Factor is a data structure used for fields that takes only a predefined, finite number of values (categorical data).
For example: a data field such as marital status may contain only values from single, married, separated, divorced, or widowed.
In such a case, we know the possible values beforehand and these predefined, distinct values are called levels.
How to create a factor in R?
We can create a factor using the function factor()
. Levels of a factor are inferred from the data if not provided.

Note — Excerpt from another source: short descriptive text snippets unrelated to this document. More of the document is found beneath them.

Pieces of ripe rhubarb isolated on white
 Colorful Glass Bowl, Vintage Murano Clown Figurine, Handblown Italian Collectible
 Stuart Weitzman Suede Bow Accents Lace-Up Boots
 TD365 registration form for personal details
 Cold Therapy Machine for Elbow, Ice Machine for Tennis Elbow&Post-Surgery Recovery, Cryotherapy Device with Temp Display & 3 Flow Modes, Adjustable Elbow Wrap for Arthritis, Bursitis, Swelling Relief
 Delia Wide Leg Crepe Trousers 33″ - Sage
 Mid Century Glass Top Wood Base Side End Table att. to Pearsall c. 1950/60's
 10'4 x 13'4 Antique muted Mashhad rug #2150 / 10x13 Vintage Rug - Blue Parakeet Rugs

x <- factor(c("single", "married", "married", "single"))
print(x)
x <- factor(c("single", "married", "married", "single"), levels = c("single", "married", "divorced"))
print(x)
Output
[1] single married married single Levels: married single [1] single married married single Levels: single married divorced
We can see from the above example that levels may be predefined even if not used.
Factors are closely related with vectors. In fact, factors are stored as integer vectors. This is clearly seen from its structure.
x <- factor(c("single", "married", "married", "single"))
print(x)
str(x)
Output
[1] single married married single Levels: married single Factor w/ 2 levels "married","single": 2 1 1 2
We see that levels are stored in a character vector and the individual elements are actually stored as indices.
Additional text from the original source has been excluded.